NVIDIA Open GPU Kernel Modules Version

550.78

Please confirm this issue does not happen with the proprietary driver (of the same version). This issue tracker is only for bugs specific to the open kernel driver.

Operating System and Version

Fedora 40

Kernel Release

6.8.7-300.fc40.x86_64

Please confirm you are running a stable release kernel (e.g. not a -rc). We do not accept bug reports for unreleased kernels.

Hardware: GPU

NVIDIA GeForce RTX 4070 SUPER

Describe the bug

Kernel messages being spammed by these lines:

[ 6614.717414] NVRM: Xid (PCI:0000:01:00): 16, pid='<unknown>', name=<unknown>, Head 00000003 Count 0000f82a
[ 6614.717420] NVRM: krcWatchdogCallbackVblankRecovery_IMPL: NVRM-RC: RM has detected that 7 Seconds without a Vblank Counter Update on head:D0

After a few iterations of the two, it keeps spamming NVRM: krcWatchdogCallbackVblankRecovery_IMPL [...].

To Reproduce

Just boot the system with the open kernel modules installed.

Bug Incidence

Always

nvidia-bug-report.log.gz

nvidia-bug-report.log.gz

More Info

No response

luzat commented 5 months ago

I can confirm that behavior with driver 550.54.15-1 (newest from CUDA repo), Debian unstable, custom-built kernels of at least versions 6.8.9, 6.9.0 and 6.9.1, a GeForce RTX 4090 and 5 displays connected. For me, it happens on head C0.

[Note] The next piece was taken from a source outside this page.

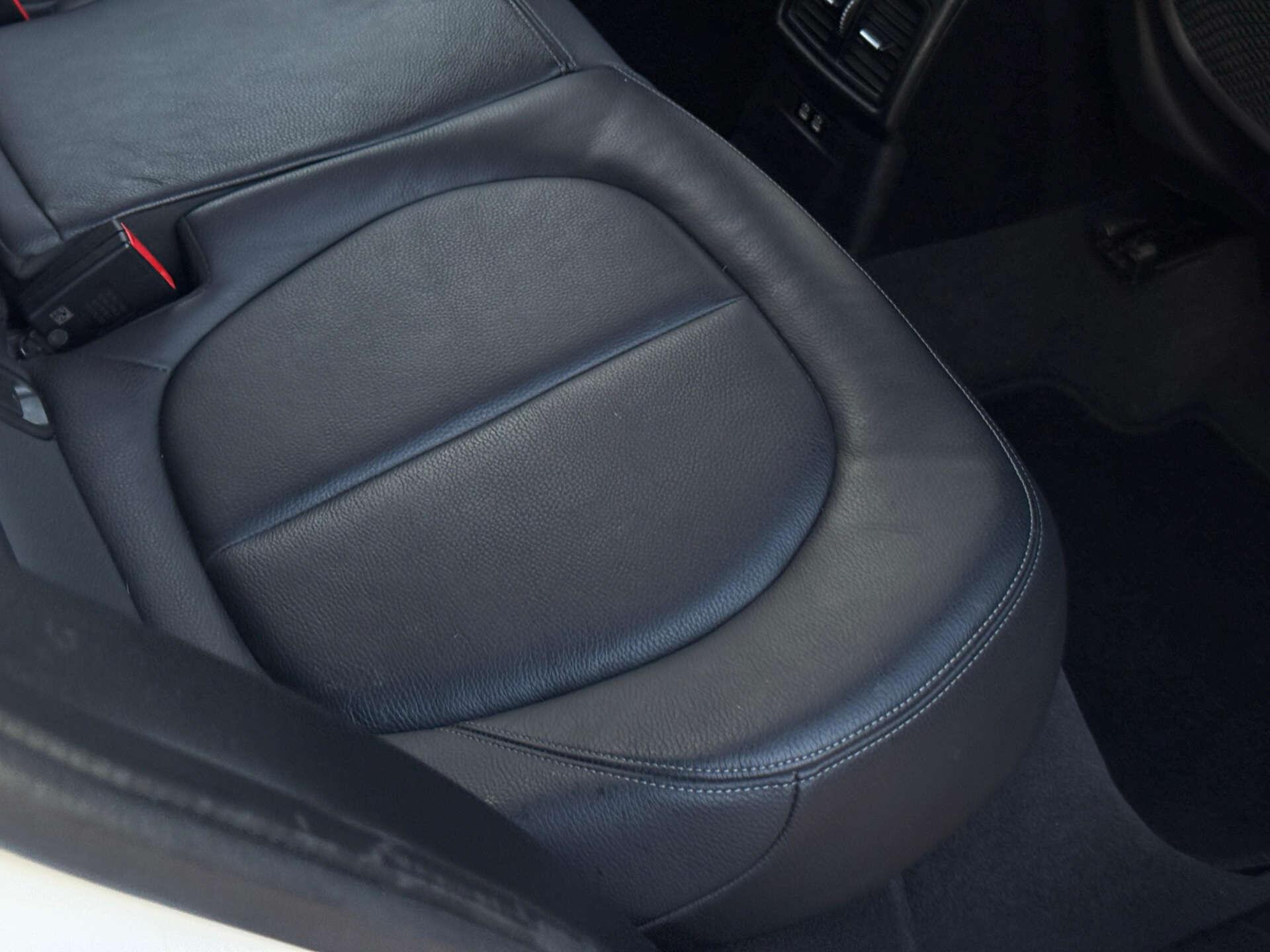 BMW X1 view 28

The displays are 2 DP screens (both running), 1 Valve Index VR headset on DP (not running), 1 HDMI screen (not connected to power), and 1 HDMI TV by LG (turned off or on).

The messages repeat very close to every 8.192s seconds and stop at some point (after ~40 minutes this time, not sure if consistent).

The error only occurs when the LG TV is a) connected and b) not enabled in X. Not sure if the message does indicate some actual problem, but I would prefer not to have my logs flooded with the message.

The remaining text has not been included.